Greenpeace Netherlands’ Dewi Zloch stated that the activists want “fewer aircraft, more trains, and a ban on unneeded short-haul flights and private jets.”

According to military police, several demonstrators were dragged away for being on airport premises without authorization.

In response to Greenpeace’s open letter, Schiphol’s new CEO, Ruud Sondag, stated that the airport aims to be an “emissions-free airport by 2030 and net climate-neutral aviation by 2050.” And we have a responsibility to lead the way in that,” he said, admitting that it needed to happen faster.

More than 120 international leaders will attend this year’s United Nations climate talks, which begin on Sunday in the Red Sea beachfront resort of Sharm el-Sheikh.
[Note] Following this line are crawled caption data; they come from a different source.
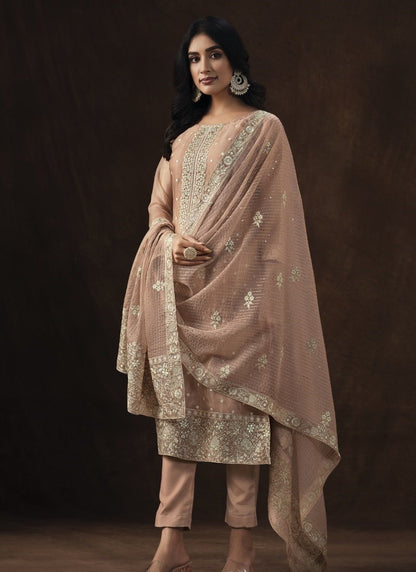 Light Brown Organza Pant Style Salwar Suit-2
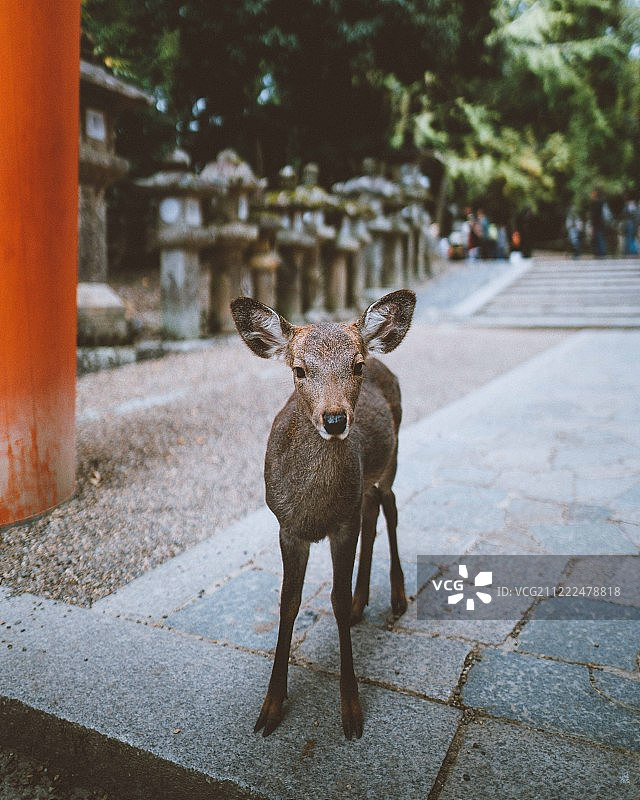 京都奈良图片素材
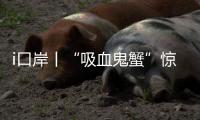 i口岸丨“吸血鬼蟹”惊现拱北口岸
�！170只"异形生物"偷渡被抓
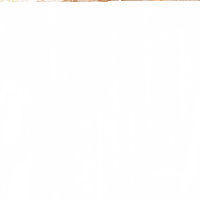 Kuscheltier Krokodil Grün Alligator Plüschtier weich 45 cm liegend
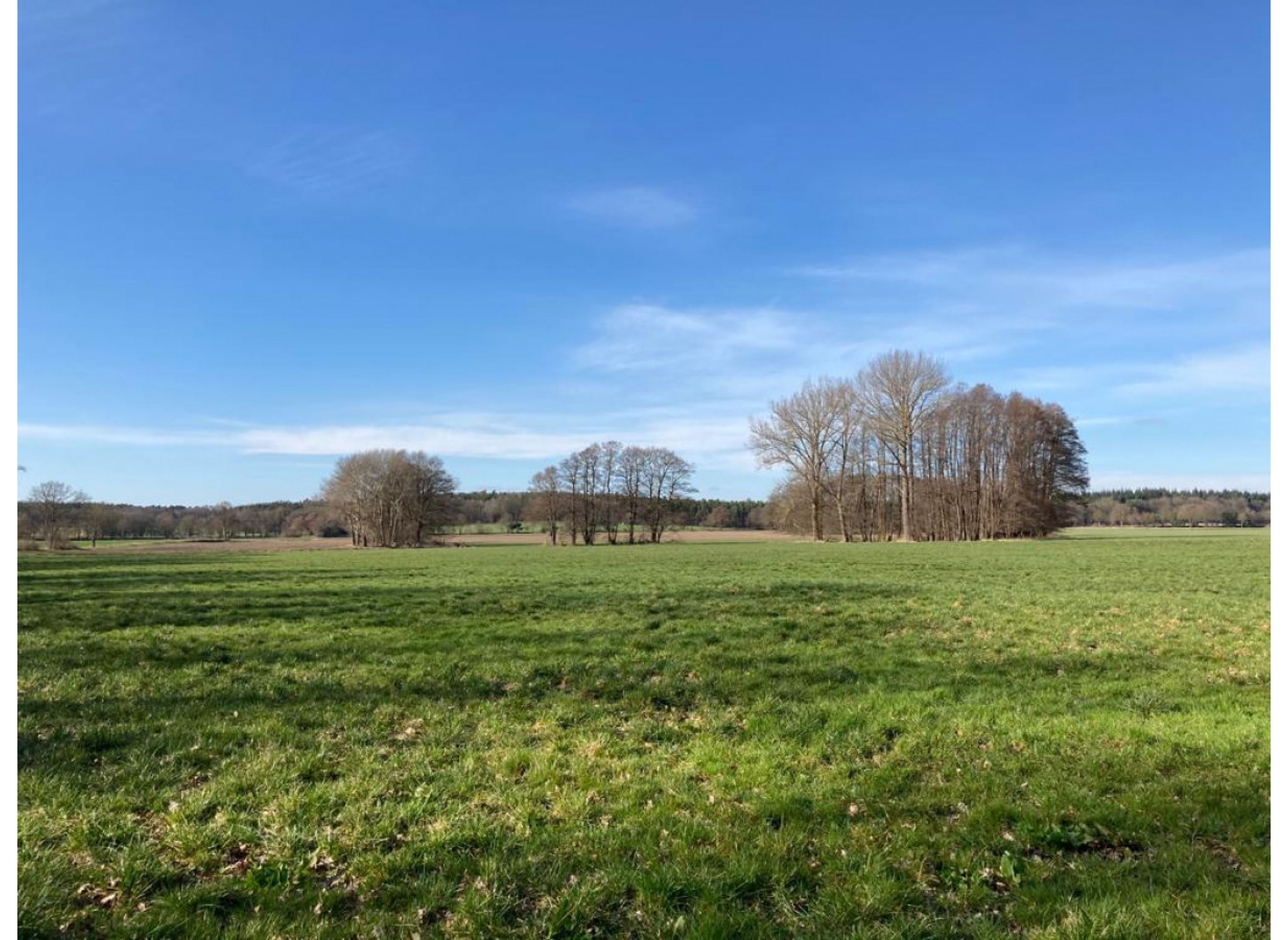 Campen zwischen Wald und Wiese #2 — Photo 2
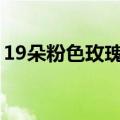 19朵粉色玫瑰花代表什么意思（有什么寓意）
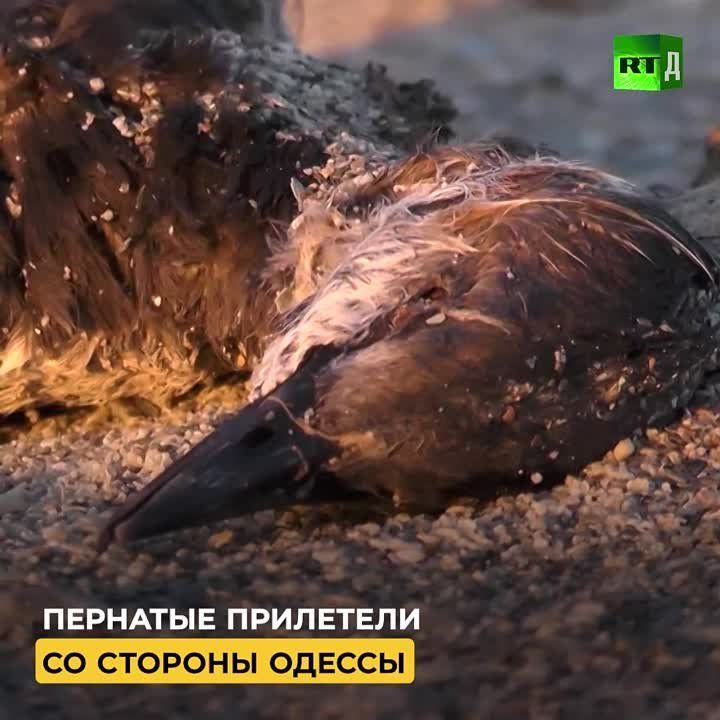��� ������� ���� ������������� ����������������� �������. �� ������ ��������� ���, ��� ���������� ������� ����� ����� �� ��� ���� ���������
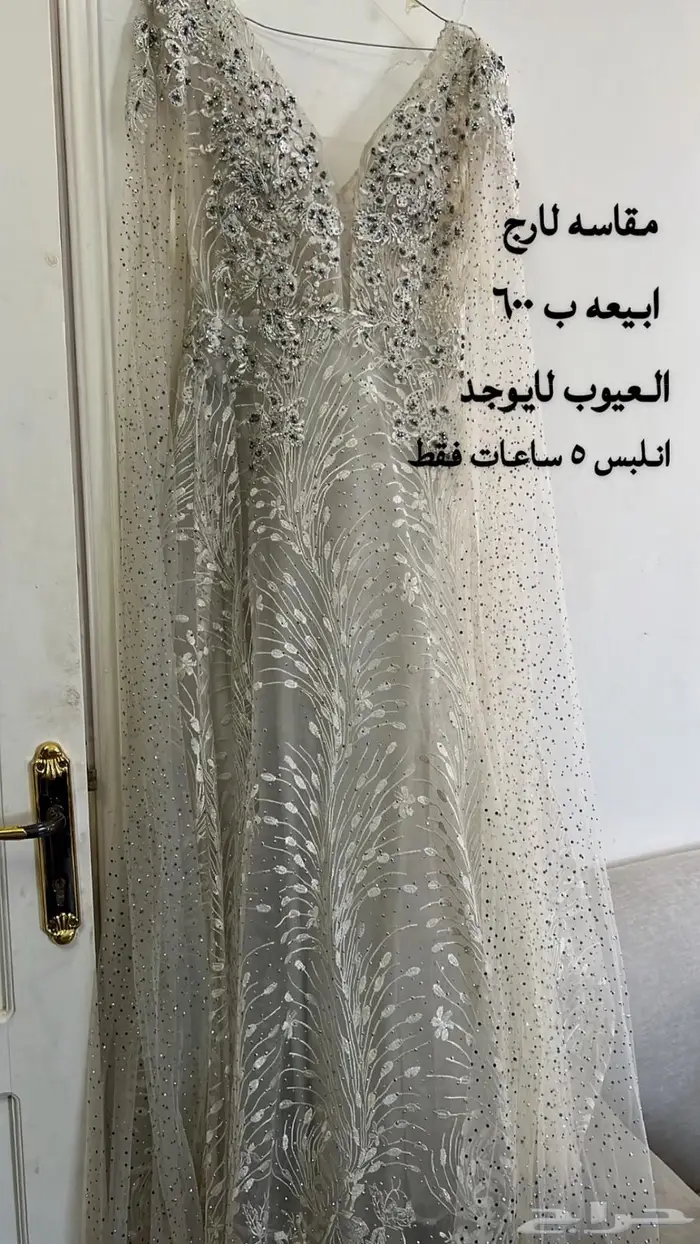 القادسيه 1 0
Thorny issues on the agenda for the Nov. 6-18 negotiations include further reducing greenhouse gas emissions and increasing financial aid to impoverished countries dealing with the effects of climate change.

Egypt is facing a storm of criticism as it prepares to host the COP27 climate meeting beginning Sunday, which rights groups claim is a crackdown on protestors and activists.

Climate Activists

After Egyptian dissidents abroad called for protests against President Abdel Fattah el-Sisi on November 11, during the United Nations climate conference, rights groups accused the Egyptian authorities of arbitrarily detaining activists.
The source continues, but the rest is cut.